▶ _WORK INSTRUCTIONS_
Skip all pictures. Set down only the lines starting at the line containing "Contrato de uso" and running to the end of the listing.

▶ _RAW DATA_
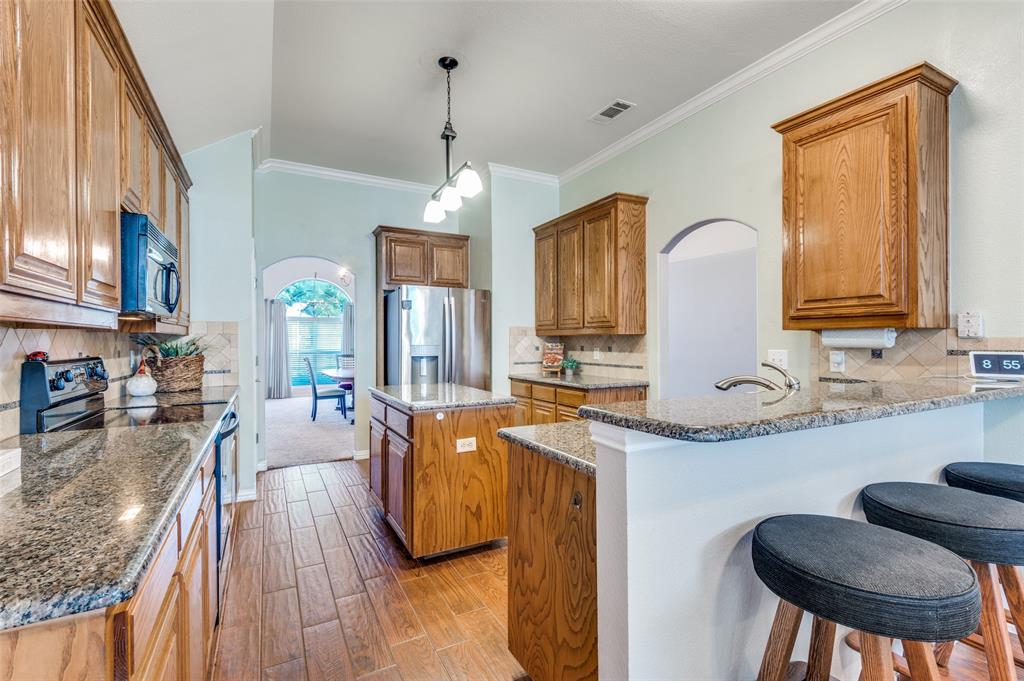 Britany Chase Add - Residential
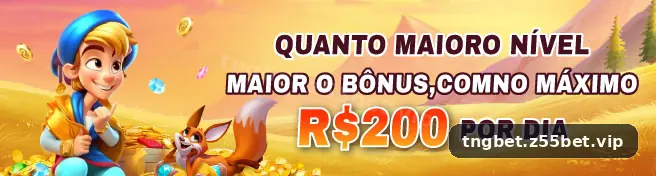 Contrato de uso tngbet — instrumento contratual aplicável no Brasil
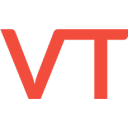 Vazquez Tech Logo
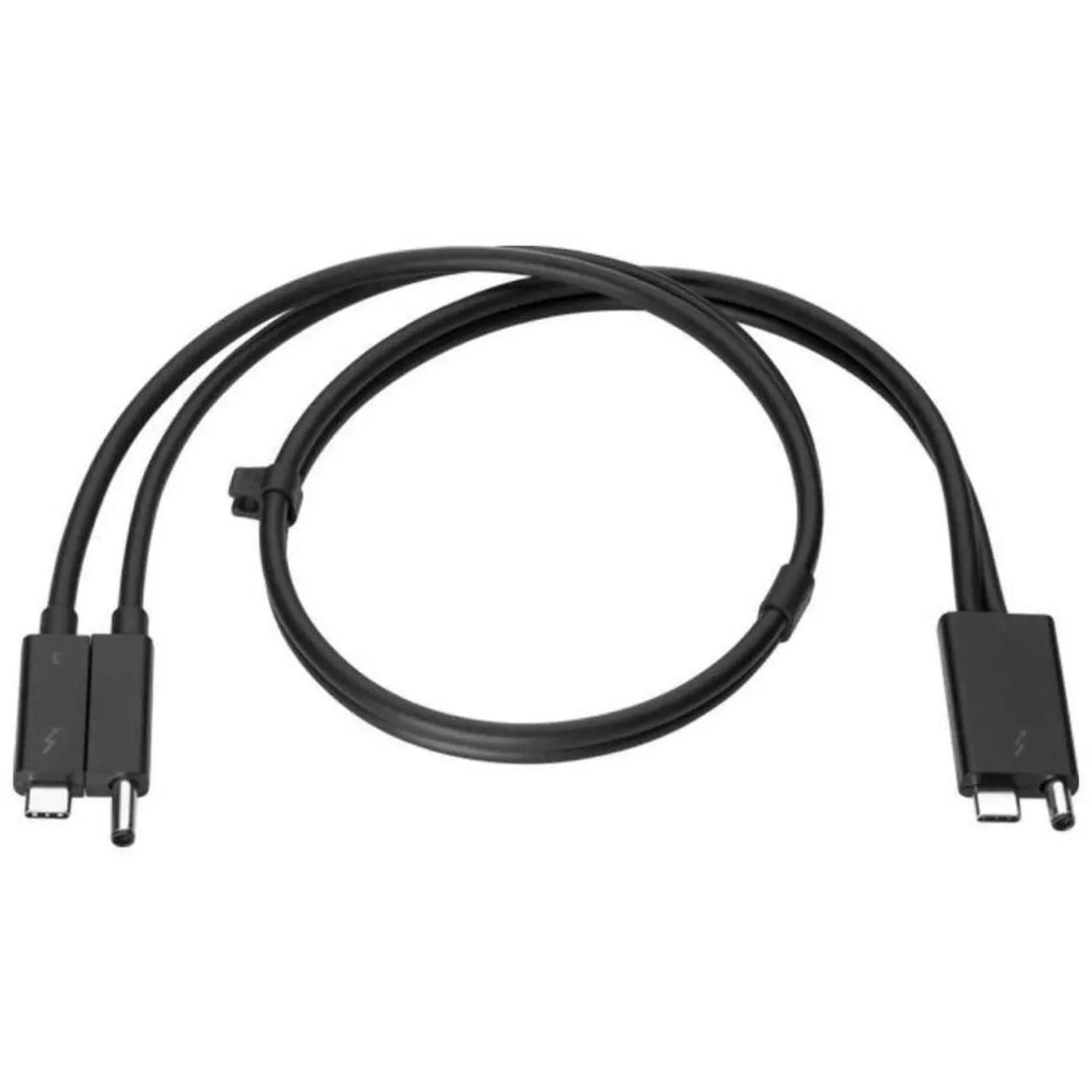Thunderbolt Dock G2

▶ _EXERCISE ANSWER_
 Contrato de uso tngbet — instrumento contratual aplicável no Brasil
 Vazquez Tech Logo
Thunderbolt Dock G2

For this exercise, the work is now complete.